The results obtained by the experiment are shown in fig. 3, and it can be seen that the description of the cell mineralized nodules in the experimental group is obviously more than that in the control group, and the results show that the wrinkle clam polypeptide prepared by the invention can effectively promote the calcification of the mesenchymal stem cells in the bone marrow.

Example 4

(1) 1X 10 prepared from P3 generation mesenchymal stem cells with good growth state⁴Each hole is connected with 100ul of single cell suspension of ml, and 3 multiple holes are arranged;

(2) after inoculation, putting the culture medium into a cell culture box, changing the culture medium after 24h, adding a complete culture medium into a control group for culture, and adding a complete culture medium of 500ug/ml wrinkle clam polypeptide into an experimental group;

(3) taking out after culturing for 1,3 and 5 days respectively, adding 10ul of CCK-8 into each hole, and placing in a cell culture box for further incubation for 4 hours;

(4) after the incubation is finished, the OD average value of each group is measured by using an enzyme-linked immunosorbent assay instrument, and the detection wavelength is 450 nm.

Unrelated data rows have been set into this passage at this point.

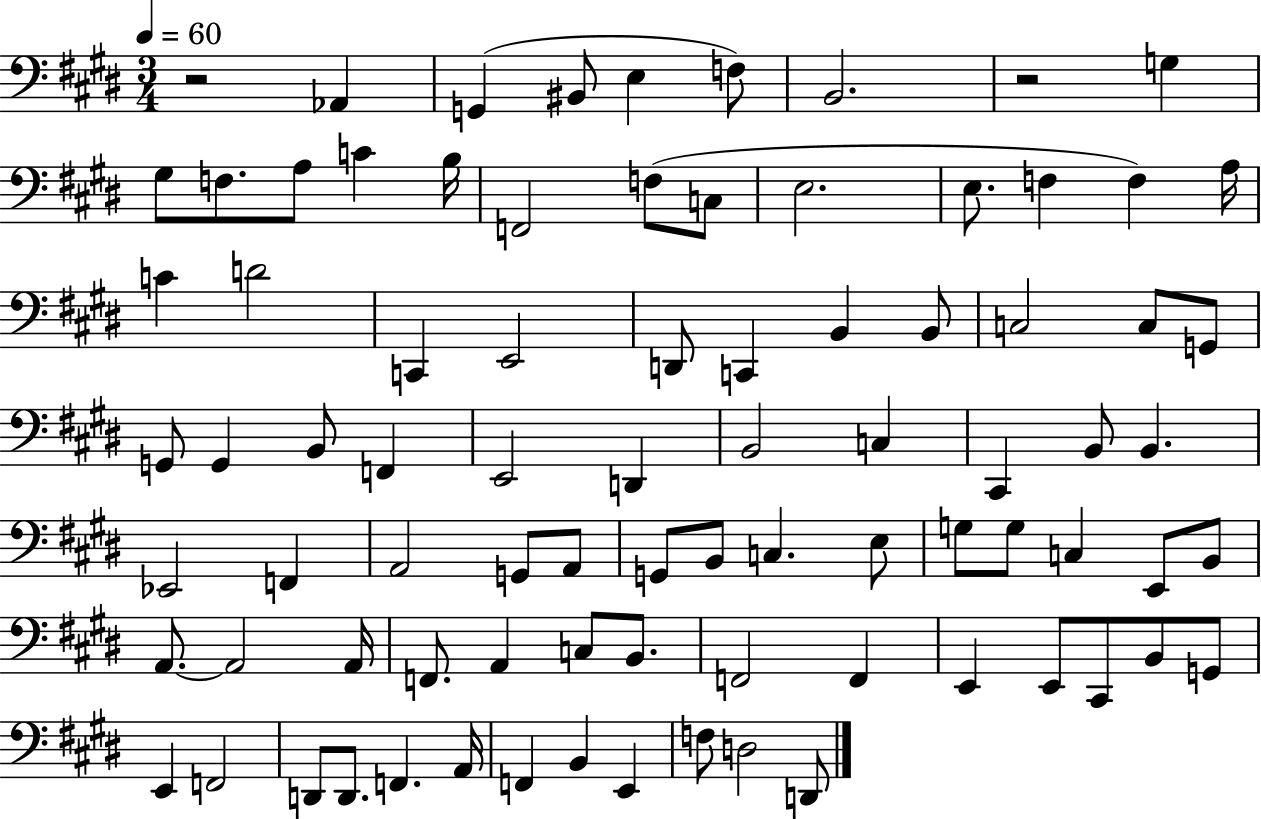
R/h Ab2/q G2/q BIS2/e E3/q F3/e B2/h. R/h G3/q G#3/e F3/e. A3/e C4/q B3/s F2/h F3/e C3/e E3/h. E3/e. F3/q F3/q A3/s C4/q D4/h C2/q E2/h D2/e C2/q B2/q B2/e C3/h C3/e G2/e G2/e G2/q B2/e F2/q E2/h D2/q B2/h C3/q C#2/q B2/e B2/q. Eb2/h F2/q A2/h G2/e A2/e G2/e B2/e C3/q. E3/e G3/e G3/e C3/q E2/e B2/e A2/e. A2/h A2/s F2/e. A2/q C3/e B2/e. F2/h F2/q E2/q E2/e C#2/e B2/e G2/e E2/q F2/h D2/e D2/e. F2/q. A2/s F2/q B2/q E2/q F3/e D3/h D2/e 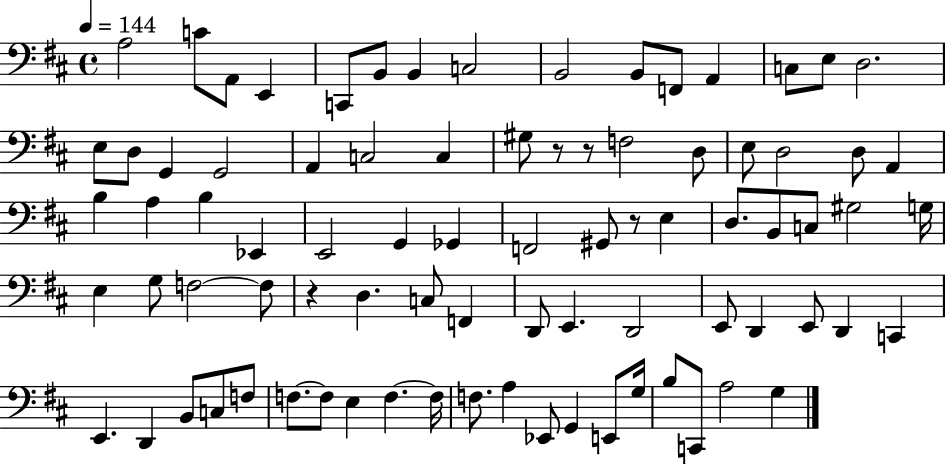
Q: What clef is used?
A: bass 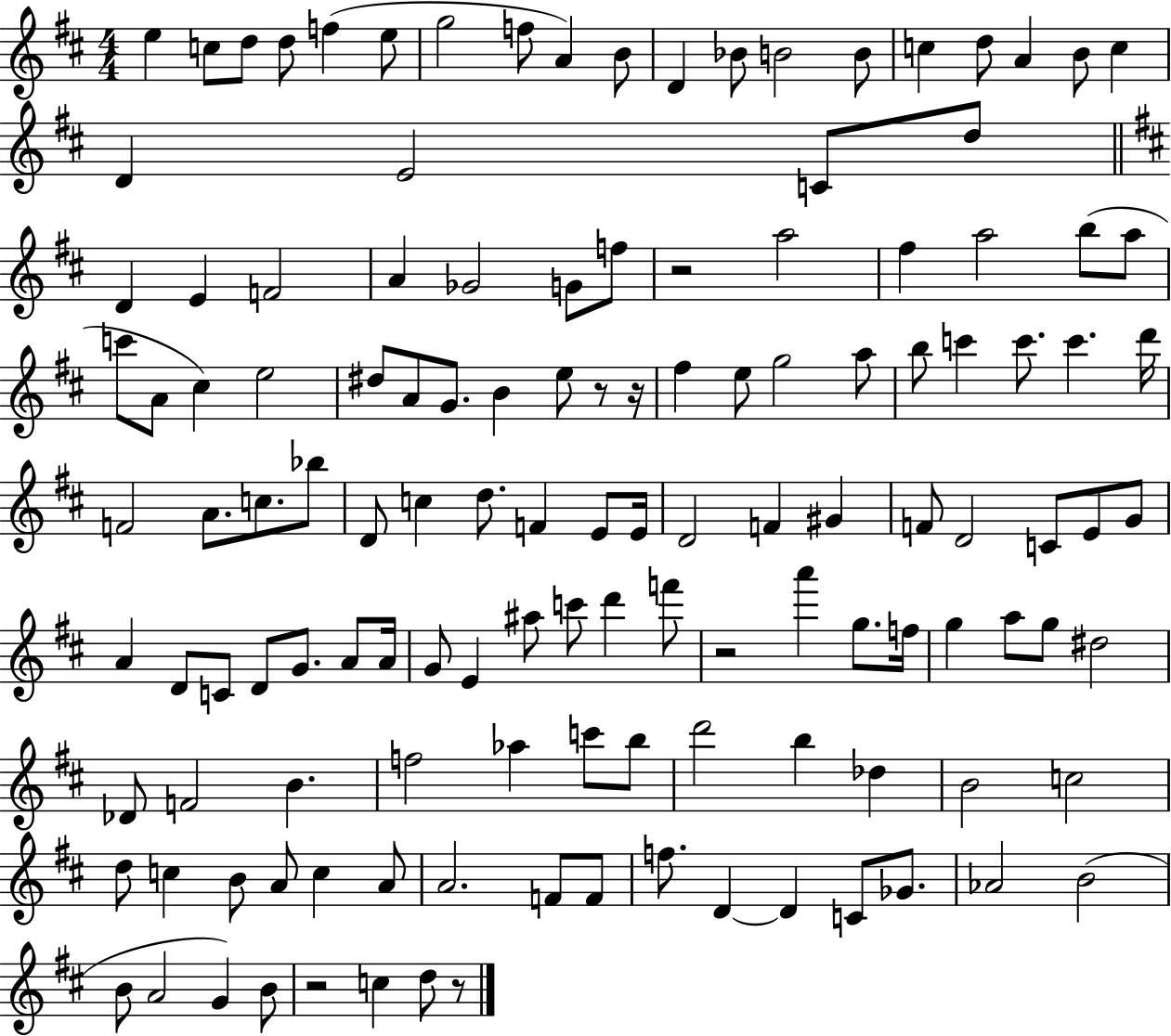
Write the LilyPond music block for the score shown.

{
  \clef treble
  \numericTimeSignature
  \time 4/4
  \key d \major
  e''4 c''8 d''8 d''8 f''4( e''8 | g''2 f''8 a'4) b'8 | d'4 bes'8 b'2 b'8 | c''4 d''8 a'4 b'8 c''4 | \break d'4 e'2 c'8 d''8 | \bar "||" \break \key d \major d'4 e'4 f'2 | a'4 ges'2 g'8 f''8 | r2 a''2 | fis''4 a''2 b''8( a''8 | \break c'''8 a'8 cis''4) e''2 | dis''8 a'8 g'8. b'4 e''8 r8 r16 | fis''4 e''8 g''2 a''8 | b''8 c'''4 c'''8. c'''4. d'''16 | \break f'2 a'8. c''8. bes''8 | d'8 c''4 d''8. f'4 e'8 e'16 | d'2 f'4 gis'4 | f'8 d'2 c'8 e'8 g'8 | \break a'4 d'8 c'8 d'8 g'8. a'8 a'16 | g'8 e'4 ais''8 c'''8 d'''4 f'''8 | r2 a'''4 g''8. f''16 | g''4 a''8 g''8 dis''2 | \break des'8 f'2 b'4. | f''2 aes''4 c'''8 b''8 | d'''2 b''4 des''4 | b'2 c''2 | \break d''8 c''4 b'8 a'8 c''4 a'8 | a'2. f'8 f'8 | f''8. d'4~~ d'4 c'8 ges'8. | aes'2 b'2( | \break b'8 a'2 g'4) b'8 | r2 c''4 d''8 r8 | \bar "|."
} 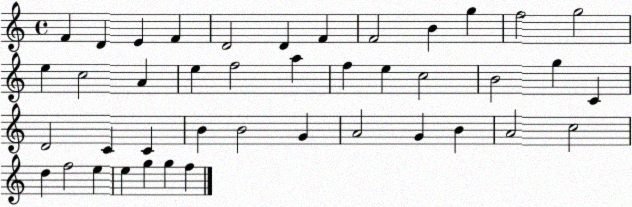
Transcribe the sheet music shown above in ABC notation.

X:1
T:Untitled
M:4/4
L:1/4
K:C
F D E F D2 D F F2 B g f2 g2 e c2 A e f2 a f e c2 B2 g C D2 C C B B2 G A2 G B A2 c2 d f2 e e g g f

The results obtained by the experiment are shown in fig. 4, and it can be seen from the figure that the OD values of the experimental group are significantly higher than those of the control group when the cells are cultured for 3d and 5d, and the difference has statistical significance, and the results show that the proliferation capacity of the mesenchymal stem cells can be effectively promoted by adding the wrinkle clam polypeptide.